La Chine fait par ailleurs face à de multiples défis diplomatiques. Ses relations avec les États-Unis et l’Europe sont tendues. À Taïwan, le ton se durcit avec des élections qui accentuent les revendications. La mer de Chine méridionale demeure instable, avec des pays régionaux qui résistent aux prétentions chinoises. Même la BRI perd de sa crédibilité, l’Italie, son seul partenaire du G7, envisageant un retrait. Pékin ne peut pas se permettre une nouvelle distraction majeure. Stratégiquement, son attention reste focalisée sur Taïwan et le théâtre maritime, comme le confirment ses documents officiels qui soulignent la « direction stratégique de l’Est ». Une guerre terrestre avec l’Inde ferait dérailler ces objectifs prioritaires, disperserait ses ressources militaires et comporterait des risques de revers humiliants.

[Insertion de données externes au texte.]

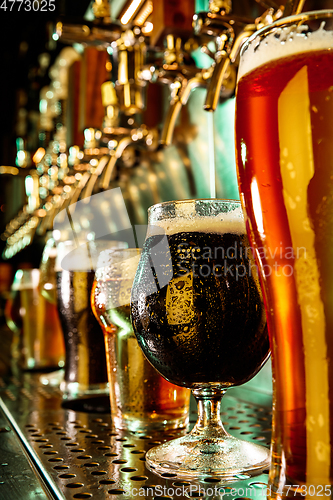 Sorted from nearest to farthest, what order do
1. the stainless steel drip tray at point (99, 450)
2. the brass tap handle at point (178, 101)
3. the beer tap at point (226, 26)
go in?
1. the stainless steel drip tray at point (99, 450)
2. the beer tap at point (226, 26)
3. the brass tap handle at point (178, 101)

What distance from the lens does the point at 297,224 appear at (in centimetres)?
40

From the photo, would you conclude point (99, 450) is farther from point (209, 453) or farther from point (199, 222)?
point (199, 222)

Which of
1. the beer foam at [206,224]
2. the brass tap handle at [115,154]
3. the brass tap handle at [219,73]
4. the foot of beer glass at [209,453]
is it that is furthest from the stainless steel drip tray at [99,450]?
the brass tap handle at [115,154]

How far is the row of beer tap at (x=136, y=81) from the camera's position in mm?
967

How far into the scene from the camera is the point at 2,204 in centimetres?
567

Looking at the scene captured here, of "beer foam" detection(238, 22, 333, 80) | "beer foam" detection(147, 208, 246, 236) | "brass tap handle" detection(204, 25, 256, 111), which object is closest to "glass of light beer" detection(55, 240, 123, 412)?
"brass tap handle" detection(204, 25, 256, 111)

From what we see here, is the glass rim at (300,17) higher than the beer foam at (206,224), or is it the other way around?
the glass rim at (300,17)

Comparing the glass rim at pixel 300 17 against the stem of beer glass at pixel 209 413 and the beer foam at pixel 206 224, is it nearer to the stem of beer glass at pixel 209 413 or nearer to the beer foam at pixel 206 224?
the beer foam at pixel 206 224

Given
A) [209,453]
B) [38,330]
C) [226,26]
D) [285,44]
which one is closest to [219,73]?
[226,26]

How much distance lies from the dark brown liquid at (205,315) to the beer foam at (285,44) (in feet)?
0.69

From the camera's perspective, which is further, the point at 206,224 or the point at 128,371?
the point at 128,371

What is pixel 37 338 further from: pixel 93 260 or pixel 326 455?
pixel 326 455

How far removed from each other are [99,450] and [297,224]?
0.43 meters

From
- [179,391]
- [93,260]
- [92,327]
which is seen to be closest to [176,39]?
[93,260] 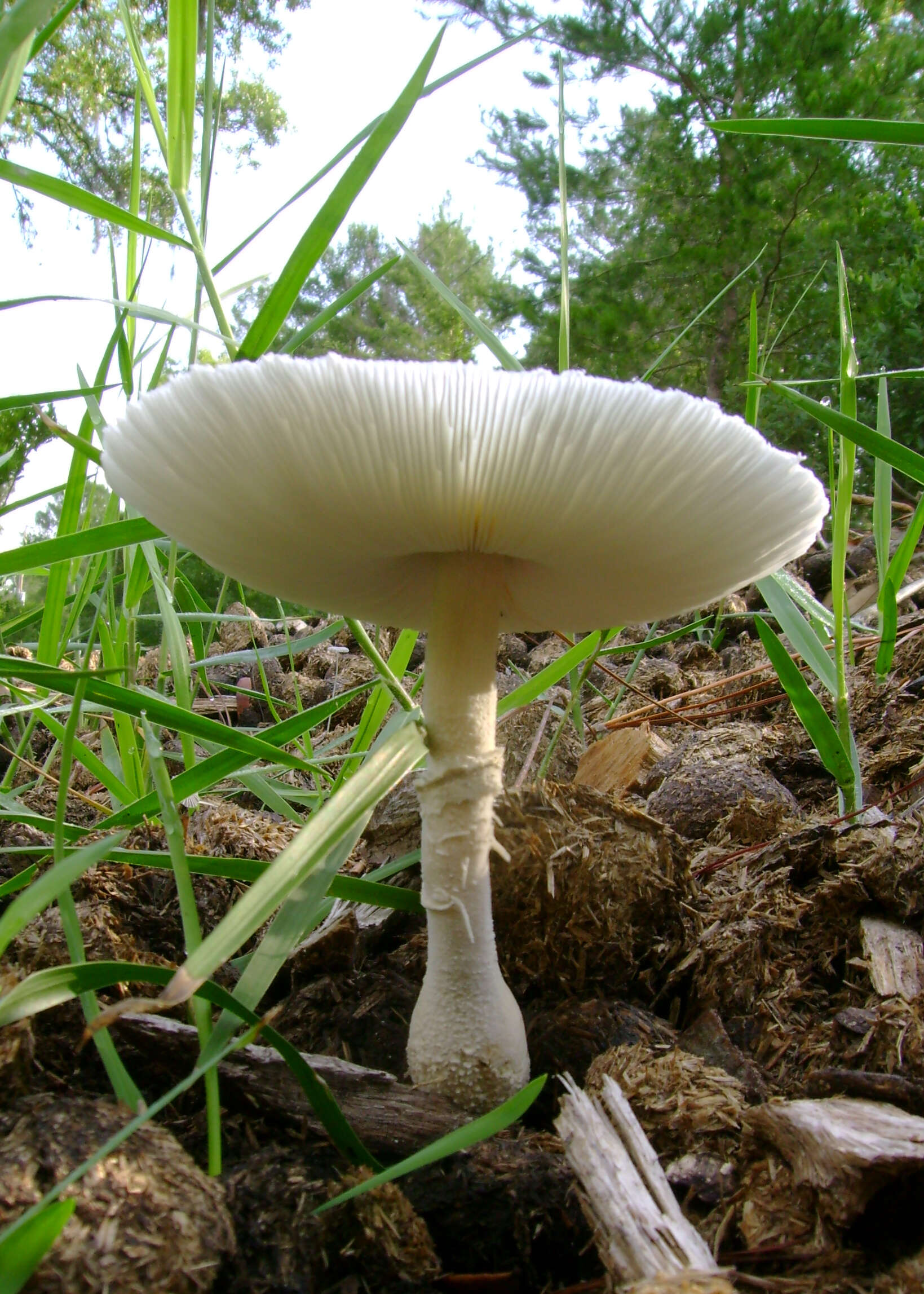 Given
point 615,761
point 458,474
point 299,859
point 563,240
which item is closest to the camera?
point 299,859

Enfin, les deux pays sont des puissances nucléaires. Toute guerre implicite comporte le risque d’une escalade vers le nucléaire – un scénario catastrophique pour la région et le monde. Aucun des dirigeants n’est assez imprudent pour jouer avec une telle issue.

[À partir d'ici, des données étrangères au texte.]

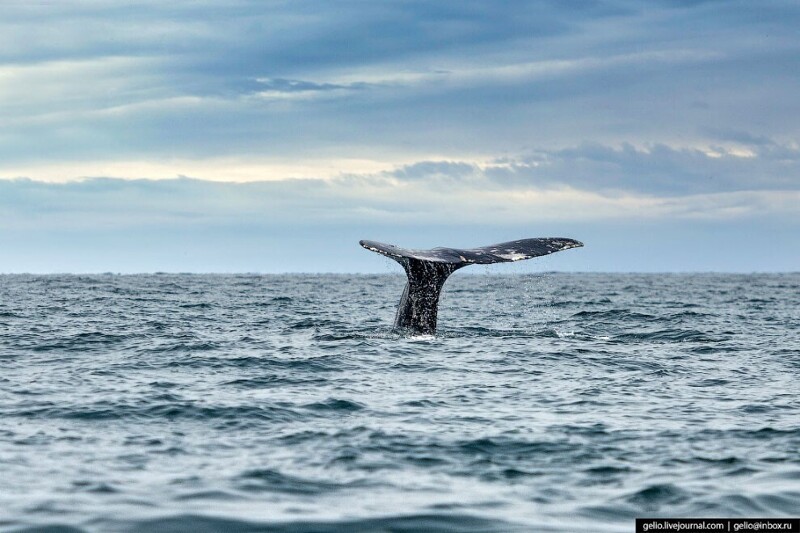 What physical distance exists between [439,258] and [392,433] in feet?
25.9

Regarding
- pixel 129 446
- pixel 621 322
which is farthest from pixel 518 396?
pixel 621 322

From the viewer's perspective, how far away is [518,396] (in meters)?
13.6

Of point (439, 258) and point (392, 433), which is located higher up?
point (439, 258)

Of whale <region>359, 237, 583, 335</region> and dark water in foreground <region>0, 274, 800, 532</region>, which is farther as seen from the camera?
whale <region>359, 237, 583, 335</region>

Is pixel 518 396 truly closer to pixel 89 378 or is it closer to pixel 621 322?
pixel 89 378

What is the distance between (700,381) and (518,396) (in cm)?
351

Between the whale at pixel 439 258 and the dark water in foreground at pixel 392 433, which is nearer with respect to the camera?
the dark water in foreground at pixel 392 433

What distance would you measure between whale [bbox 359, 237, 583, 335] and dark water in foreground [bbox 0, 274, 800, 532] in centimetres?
106

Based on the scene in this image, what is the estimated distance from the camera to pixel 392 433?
35.3 ft

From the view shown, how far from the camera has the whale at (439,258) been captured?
18.0m

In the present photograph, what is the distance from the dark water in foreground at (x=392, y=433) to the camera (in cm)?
783

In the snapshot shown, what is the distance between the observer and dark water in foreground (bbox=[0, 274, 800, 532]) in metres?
7.83

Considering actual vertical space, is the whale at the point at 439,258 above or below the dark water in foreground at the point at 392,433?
above

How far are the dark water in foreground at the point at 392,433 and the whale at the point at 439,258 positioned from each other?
106 centimetres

Peut-être le facteur le plus déterminant est-il l’incertitude du résultat. Malgré sa supériorité numérique, l’Armée populaire de libération ne peut pas assurer une victoire certaine dans un conflit en haute altitude. Le terrain est hostile, les lignes d’approvisionnement longues et les conditions climatiques éprouvantes. L’armée indienne, plus expérimentée, mieux acclimatée et mieux équipée, représente un adversaire redoutable. La Chine ne déclenchera pas un conflit dont l’issue, même en cas de statu quo, constituerait une victoire morale et stratégique pour l’Inde.
En somme, bien que les tensions persistent et que des confrontations tactiques surviennent, la probabilité d’une guerre à grande échelle entre l’Inde et la Chine reste faible. La logique stratégique, les impératifs économiques, les réalités géopolitiques et l’incertitude du résultat militaire incitent à la prudence des deux côtés. La paix fragile tiendra, non parce que New Delhi et Pékin se font mutuellement confiance, mais parce que chacun mesure l’ampleur des pertes potentielles.